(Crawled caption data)
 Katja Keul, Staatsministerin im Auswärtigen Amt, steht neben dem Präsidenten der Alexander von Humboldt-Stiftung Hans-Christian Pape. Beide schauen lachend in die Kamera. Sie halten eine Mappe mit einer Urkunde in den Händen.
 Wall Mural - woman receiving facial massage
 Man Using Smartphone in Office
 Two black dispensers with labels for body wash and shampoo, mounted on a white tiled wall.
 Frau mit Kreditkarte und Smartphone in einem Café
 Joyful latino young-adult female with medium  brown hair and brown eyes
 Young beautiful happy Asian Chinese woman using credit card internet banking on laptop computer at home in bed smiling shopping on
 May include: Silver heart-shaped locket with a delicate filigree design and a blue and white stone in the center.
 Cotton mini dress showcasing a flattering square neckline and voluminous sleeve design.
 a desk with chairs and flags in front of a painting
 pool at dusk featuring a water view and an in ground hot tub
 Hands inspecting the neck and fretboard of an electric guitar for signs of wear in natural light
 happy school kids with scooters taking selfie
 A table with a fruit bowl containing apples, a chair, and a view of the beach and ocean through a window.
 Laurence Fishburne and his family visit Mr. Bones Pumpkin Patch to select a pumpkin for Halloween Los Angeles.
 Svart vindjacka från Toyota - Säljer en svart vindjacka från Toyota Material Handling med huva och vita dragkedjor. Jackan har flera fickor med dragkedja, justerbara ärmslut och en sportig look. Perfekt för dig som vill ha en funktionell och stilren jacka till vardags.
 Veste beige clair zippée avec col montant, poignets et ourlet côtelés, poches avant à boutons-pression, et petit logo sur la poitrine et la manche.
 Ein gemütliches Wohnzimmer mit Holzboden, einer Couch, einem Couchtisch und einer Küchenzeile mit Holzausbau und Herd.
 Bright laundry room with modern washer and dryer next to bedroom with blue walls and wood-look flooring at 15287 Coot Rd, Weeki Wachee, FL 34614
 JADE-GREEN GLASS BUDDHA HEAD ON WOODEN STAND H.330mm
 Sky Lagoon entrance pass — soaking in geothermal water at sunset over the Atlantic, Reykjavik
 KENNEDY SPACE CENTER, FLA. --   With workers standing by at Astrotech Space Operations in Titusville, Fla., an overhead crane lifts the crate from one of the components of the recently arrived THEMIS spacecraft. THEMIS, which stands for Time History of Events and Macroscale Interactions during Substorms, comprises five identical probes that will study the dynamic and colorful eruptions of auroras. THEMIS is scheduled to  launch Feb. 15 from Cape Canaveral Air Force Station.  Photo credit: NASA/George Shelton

### Aim of the task
Looking back over the data above, restate word for word the lines that begin at the line with "A table with" and end at the line with "Sky Lagoon entrance", inclusive.

### Answer to the exercise
 A table with a fruit bowl containing apples, a chair, and a view of the beach and ocean through a window.
 Laurence Fishburne and his family visit Mr. Bones Pumpkin Patch to select a pumpkin for Halloween Los Angeles.
 Svart vindjacka från Toyota - Säljer en svart vindjacka från Toyota Material Handling med huva och vita dragkedjor. Jackan har flera fickor med dragkedja, justerbara ärmslut och en sportig look. Perfekt för dig som vill ha en funktionell och stilren jacka till vardags.
 Veste beige clair zippée avec col montant, poignets et ourlet côtelés, poches avant à boutons-pression, et petit logo sur la poitrine et la manche.
 Ein gemütliches Wohnzimmer mit Holzboden, einer Couch, einem Couchtisch und einer Küchenzeile mit Holzausbau und Herd.
 Bright laundry room with modern washer and dryer next to bedroom with blue walls and wood-look flooring at 15287 Coot Rd, Weeki Wachee, FL 34614
 JADE-GREEN GLASS BUDDHA HEAD ON WOODEN STAND H.330mm
 Sky Lagoon entrance pass — soaking in geothermal water at sunset over the Atlantic, Reykjavik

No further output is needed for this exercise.